Wednesday, August 29, 2012

SANDY CHANGES HIS MIND

NYT, WSJ - Anyone is free to change his or her mind, but for one of the WORLD'S foremost financiers, who was in favor of dumping the venerable Glass-Steagall Act, it was big news when he changed his mind on July 26, 2012 and announced to the trade he now believes the 1933 Glass-Steagall Act (struck down in 1999 by the adoption of the Gramm-Leach-Bliley Act) should be modified somewhat but reinstated by prohibiting a bank to be both an investment bank and a commercial under very specific rules. The Glass-Steagall Act in effect did just that- kept a Bank from being both a commercial and investment bank, denying an investment bank the right to use customer money (like CD's for instance) to gamble in financial markets.

The financial fiasco of 2007-2012 was fueled by the lack of controls as to whose money a bank could use for investments.
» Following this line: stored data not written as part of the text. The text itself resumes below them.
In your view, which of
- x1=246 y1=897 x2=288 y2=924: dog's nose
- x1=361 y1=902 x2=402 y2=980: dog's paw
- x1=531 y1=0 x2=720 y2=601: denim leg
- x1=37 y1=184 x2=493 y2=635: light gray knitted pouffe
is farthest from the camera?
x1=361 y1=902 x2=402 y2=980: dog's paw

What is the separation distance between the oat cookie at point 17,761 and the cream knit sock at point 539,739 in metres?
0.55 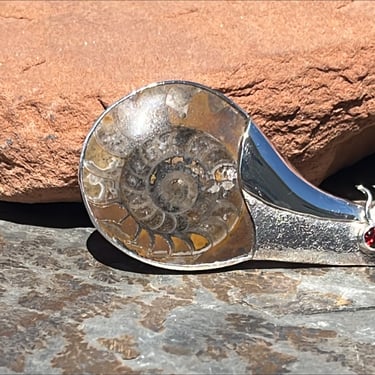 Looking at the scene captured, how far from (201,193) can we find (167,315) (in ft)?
0.76

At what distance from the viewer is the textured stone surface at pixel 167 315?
1240 millimetres

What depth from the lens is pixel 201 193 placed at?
149 cm

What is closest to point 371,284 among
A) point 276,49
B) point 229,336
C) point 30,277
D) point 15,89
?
point 229,336

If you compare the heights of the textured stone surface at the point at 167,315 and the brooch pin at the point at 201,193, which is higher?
the brooch pin at the point at 201,193

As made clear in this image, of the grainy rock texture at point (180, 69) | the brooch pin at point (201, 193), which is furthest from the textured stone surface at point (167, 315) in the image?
the grainy rock texture at point (180, 69)

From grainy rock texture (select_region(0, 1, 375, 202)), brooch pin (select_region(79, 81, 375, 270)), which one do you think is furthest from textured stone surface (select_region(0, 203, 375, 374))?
grainy rock texture (select_region(0, 1, 375, 202))

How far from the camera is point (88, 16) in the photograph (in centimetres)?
169

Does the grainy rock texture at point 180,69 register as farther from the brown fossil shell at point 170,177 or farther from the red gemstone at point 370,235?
the red gemstone at point 370,235

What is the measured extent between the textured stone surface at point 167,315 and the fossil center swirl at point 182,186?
91mm

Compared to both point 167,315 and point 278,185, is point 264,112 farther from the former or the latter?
point 167,315

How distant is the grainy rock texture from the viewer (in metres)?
1.56

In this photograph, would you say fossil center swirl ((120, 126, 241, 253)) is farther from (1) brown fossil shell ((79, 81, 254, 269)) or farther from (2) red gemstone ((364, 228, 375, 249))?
(2) red gemstone ((364, 228, 375, 249))

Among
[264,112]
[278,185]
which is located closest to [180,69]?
[264,112]

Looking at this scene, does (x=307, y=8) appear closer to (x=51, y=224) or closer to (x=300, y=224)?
(x=300, y=224) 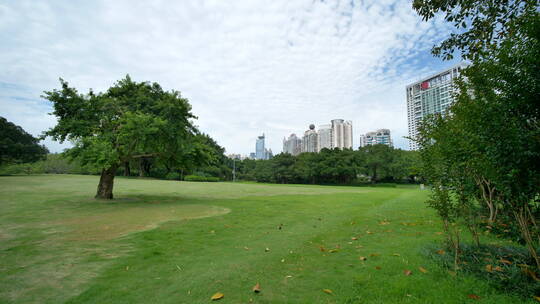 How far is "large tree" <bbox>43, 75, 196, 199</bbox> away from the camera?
1155 centimetres

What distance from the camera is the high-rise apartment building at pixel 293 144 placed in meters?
124

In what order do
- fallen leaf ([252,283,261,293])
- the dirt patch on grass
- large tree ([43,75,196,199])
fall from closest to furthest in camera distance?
fallen leaf ([252,283,261,293]) < the dirt patch on grass < large tree ([43,75,196,199])

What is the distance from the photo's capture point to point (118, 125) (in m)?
13.7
Big Banks grew larger, balance sheets loaded up with risky paper like toxic assets and weird derivatives, loose mortgages and over-zealous investments with rewards handed out to executives and "hot" sales personnel for returns based upon faulty paper profits, watered-down intrinsic values of the very foundations under the financial institutions for whom they labored. Mr. Sanford Weill can take his share of the blame but it requires nerves of steel to step forward and announce to all he was wrong and The Glass-Steagall Act should be brought back albeit in a somewhat different form. Way to go, Sandy.